I have the legal limit of 2 females without licensing. I have no problem with getting licensed, but am considering also breeding my Chins so I see no need in expanding my herd yet. I'm curious if anyone knows about how the USDA regulates that? In other words is it legal to be breeding two hedgehogs females and simultaneously be breeding two female chins?


----------



## DesertHedgehogs (Apr 2, 2013)

Just a note about the number of hedgehog females. You are allowed to breed and sell babies from 3 females. Only if you get a 4th do you need to be licensed. In fact you have to have the 4th in order to start the licensing process, but once you get her you can't sell any more babies legally.


----------



## aurora (May 23, 2013)

DesertHedgehogs said:


> Just a note about the number of hedgehog females. You are allowed to breed and sell babies from 3 females. Only if you get a 4th do you need to be licensed. In fact you have to have the 4th in order to start the licensing process, but once you get her you can't sell any more babies legally.

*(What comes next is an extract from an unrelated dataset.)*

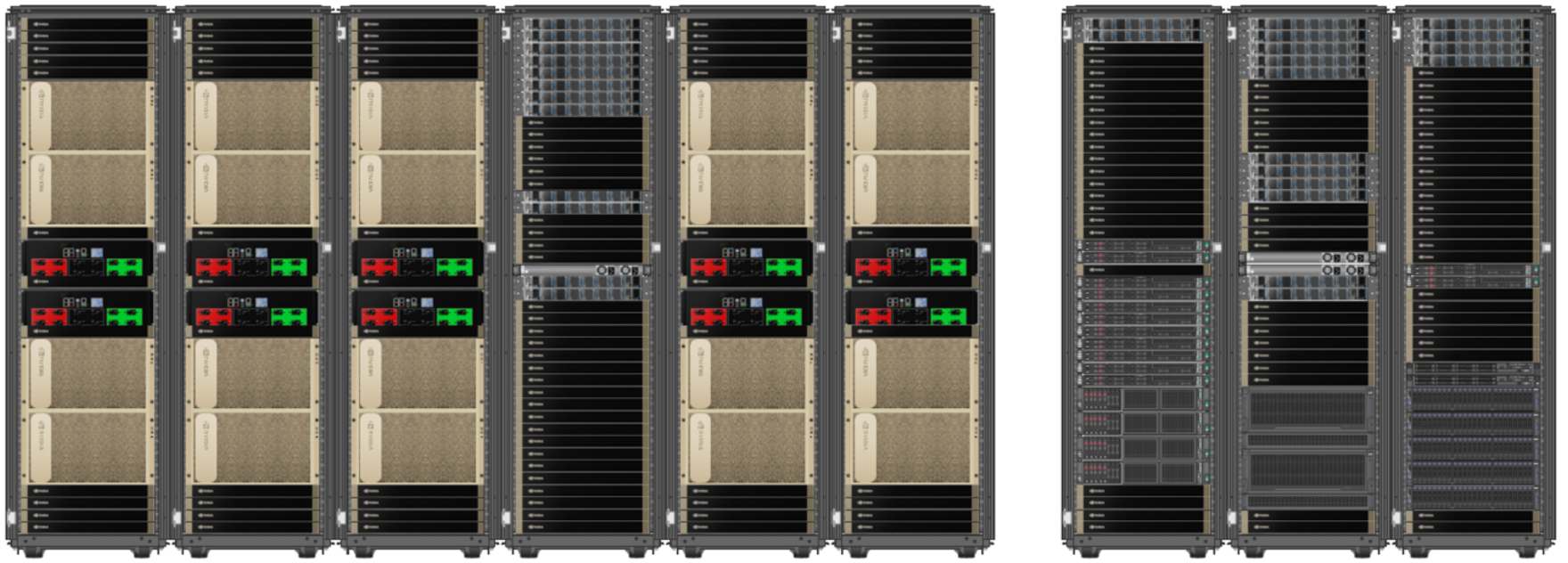 IBM Storage and NVIDIA deliver DGX SuperPOD Integration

Thank you for the input. The documentation says "3 or more" requires licensing. Am I interpreting wrong?


----------



## DesertHedgehogs (Apr 2, 2013)

On this site the outline some of the requirements, and they state "more than 3" It is kind of confusing and none of the literature makes it any less so. How I've gotten my information about licensing is by only asking very specific questions of the USDA or talking to other breeders about how they did everything. Here's the section on this site for licensing. http://www.hedgehogcentral.com/usda.shtml

As for breeding other animals, I think it would be a separate license and so wouldn't be affected by the number of hedgehogs you have, but you can always call the USDA office to check.


----------



## moxieberry (Nov 30, 2011)

Chinchillas are not an exotic animal (at least they are not considered so by the USDA) and so you do not require any licensing to breed chinchillas, no matter if you have hedgehogs or not.


----------



## SaltCityHedgies (Jul 15, 2013)

I just spoke to the lady at my local USDA office. She said there is a pet rule now, and any female that I consider a pet and not breeding doesn't count towards my limit of breeding females. Does this sound right? Or does she not know what she is talking about?


----------